▶ _Aim of the exercise_: Reproduce each entry exactly as it reads. Leave the images out.

▶ _Record set_:
☆ ☆ ☆ ☆ ☆ ☆ ☆

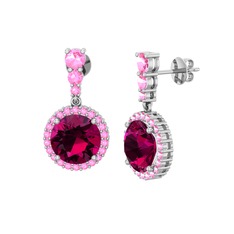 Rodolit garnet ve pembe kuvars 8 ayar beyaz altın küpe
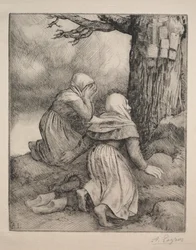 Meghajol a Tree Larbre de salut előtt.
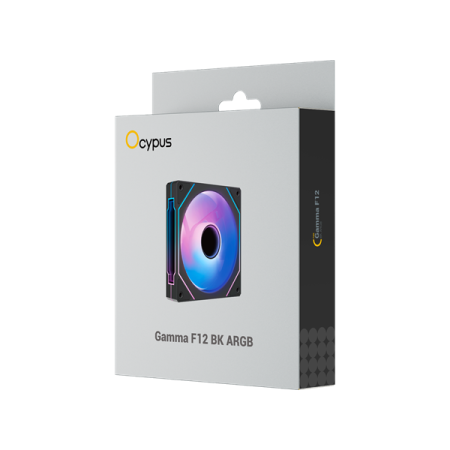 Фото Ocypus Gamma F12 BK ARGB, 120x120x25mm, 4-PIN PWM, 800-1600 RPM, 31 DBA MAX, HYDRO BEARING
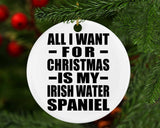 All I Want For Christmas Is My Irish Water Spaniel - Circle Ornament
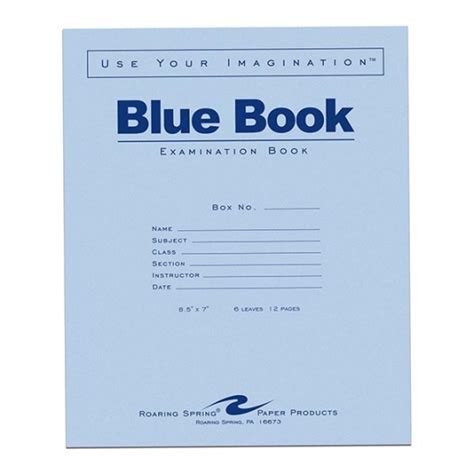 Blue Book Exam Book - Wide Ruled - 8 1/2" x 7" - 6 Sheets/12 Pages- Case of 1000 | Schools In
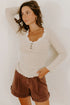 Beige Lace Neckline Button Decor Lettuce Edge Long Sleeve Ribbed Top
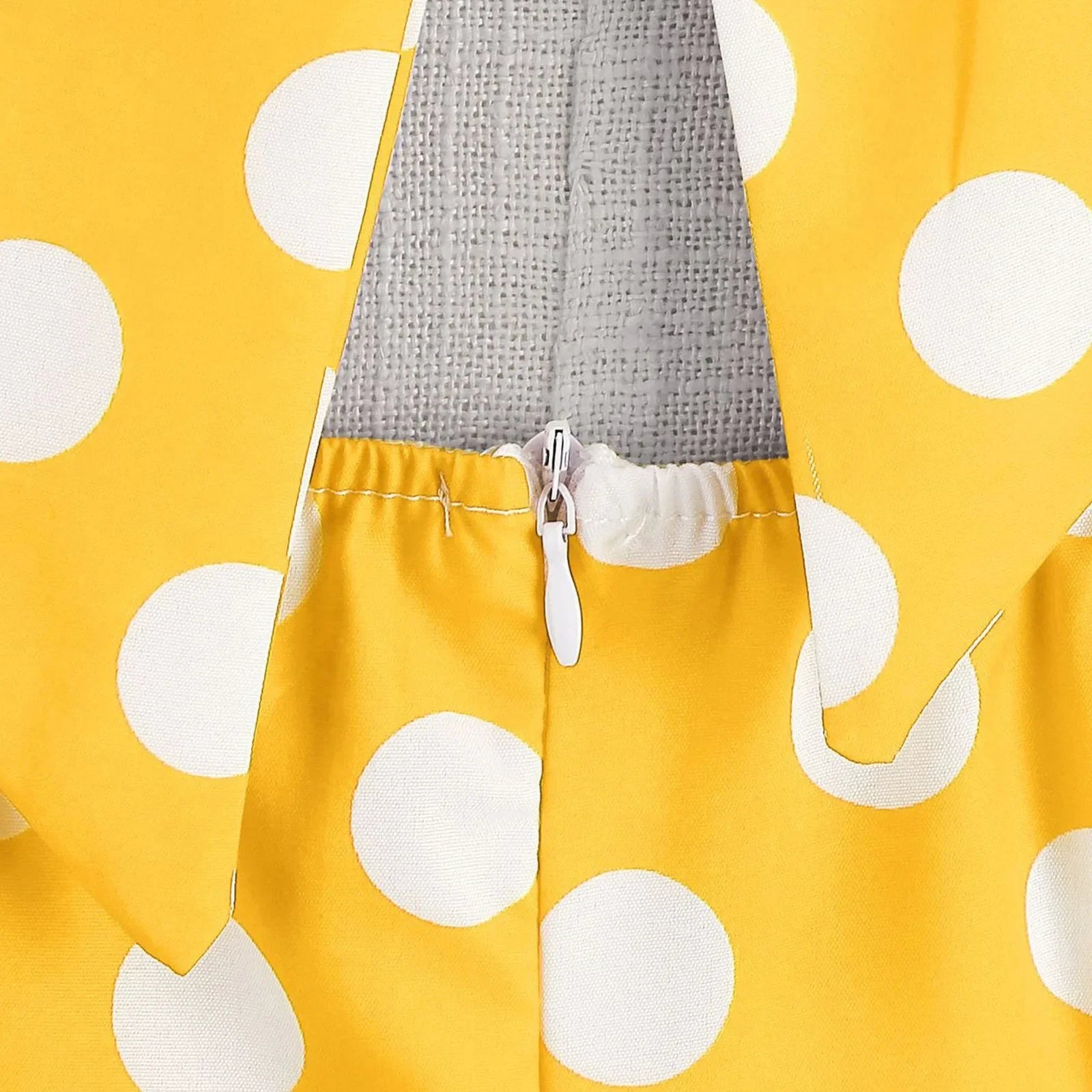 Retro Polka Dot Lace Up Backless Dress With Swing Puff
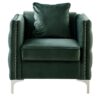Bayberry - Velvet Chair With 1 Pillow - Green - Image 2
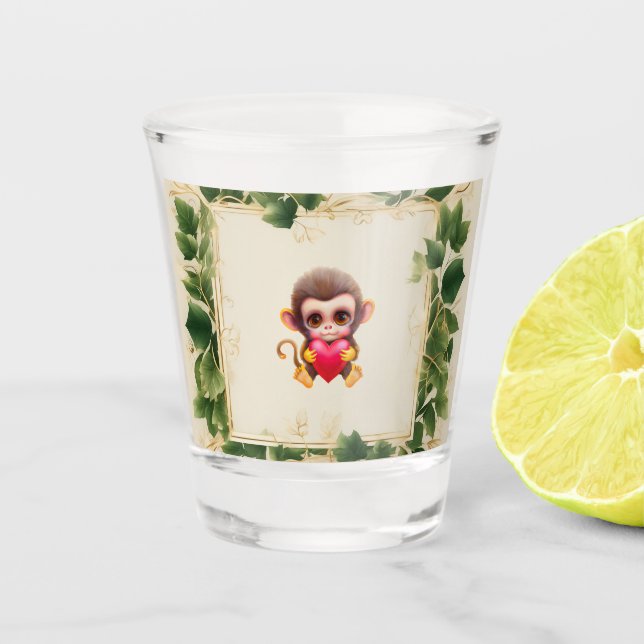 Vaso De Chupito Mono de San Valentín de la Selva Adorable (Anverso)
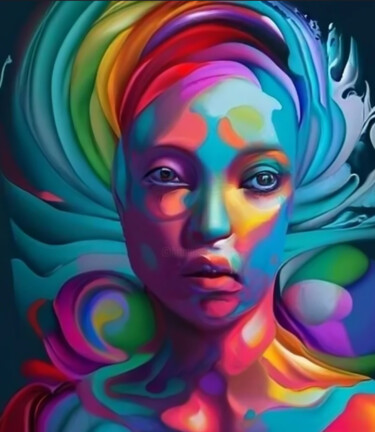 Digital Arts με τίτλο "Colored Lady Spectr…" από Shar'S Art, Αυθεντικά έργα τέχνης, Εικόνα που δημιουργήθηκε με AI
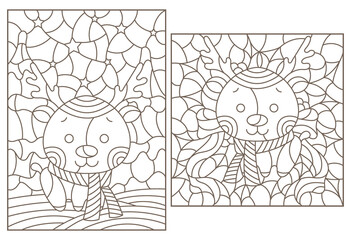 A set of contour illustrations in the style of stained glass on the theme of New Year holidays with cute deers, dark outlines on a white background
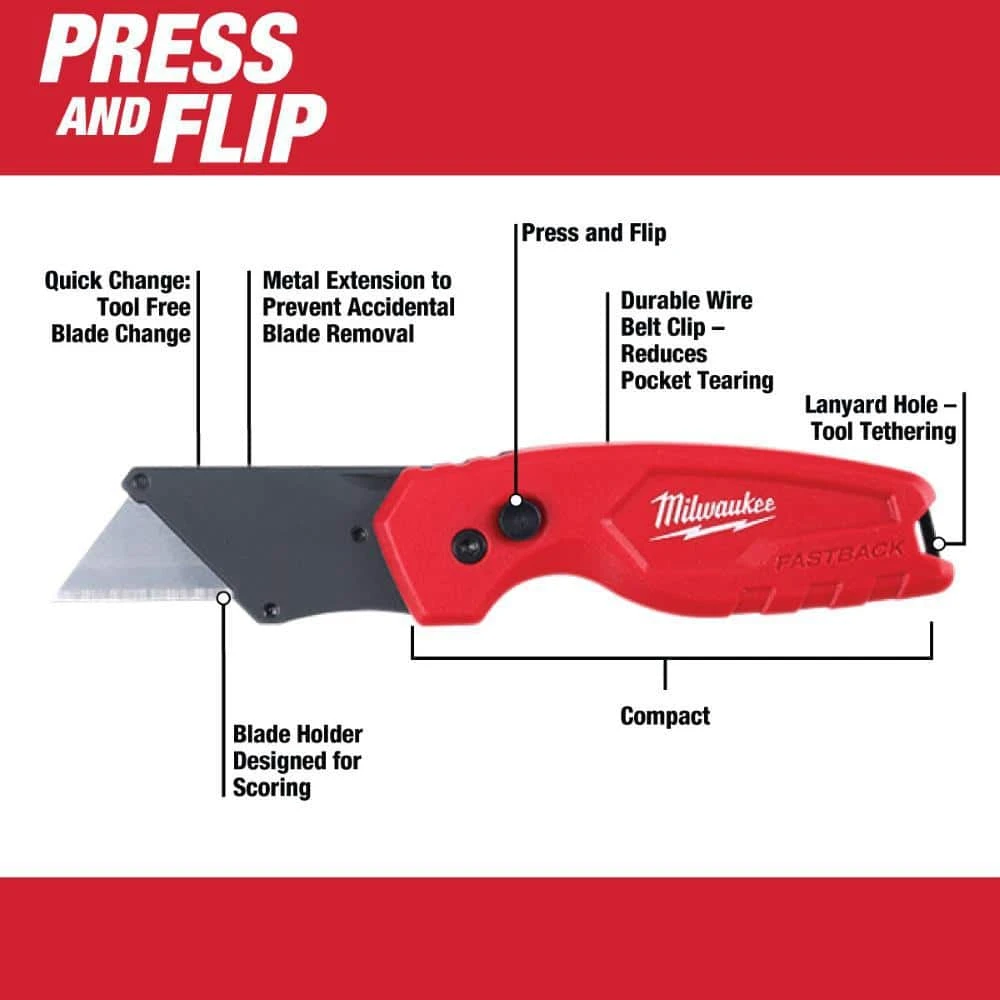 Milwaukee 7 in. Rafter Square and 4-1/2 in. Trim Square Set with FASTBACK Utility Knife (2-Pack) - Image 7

☆ ☆ ☆ ☆ ☆ ☆ ☆

▶ _Exercise output_:
 Rodolit garnet ve pembe kuvars 8 ayar beyaz altın küpe
 Meghajol a Tree Larbre de salut előtt.
 Фото Ocypus Gamma F12 BK ARGB, 120x120x25mm, 4-PIN PWM, 800-1600 RPM, 31 DBA MAX, HYDRO BEARING
 All I Want For Christmas Is My Irish Water Spaniel - Circle Ornament
 Blue Book Exam Book - Wide Ruled - 8 1/2" x 7" - 6 Sheets/12 Pages- Case of 1000 | Schools In
 Beige Lace Neckline Button Decor Lettuce Edge Long Sleeve Ribbed Top
 Retro Polka Dot Lace Up Backless Dress With Swing Puff
Bayberry - Velvet Chair With 1 Pillow - Green - Image 2
 Vaso De Chupito Mono de San Valentín de la Selva Adorable (Anverso)
 Digital Arts με τίτλο "Colored Lady Spectr…" από Shar'S Art, Αυθεντικά έργα τέχνης, Εικόνα που δημιουργήθηκε με AI
 A set of contour illustrations in the style of stained glass on the theme of New Year holidays with cute deers, dark outlines on a white background
 Milwaukee 7 in. Rafter Square and 4-1/2 in. Trim Square Set with FASTBACK Utility Knife (2-Pack) - Image 7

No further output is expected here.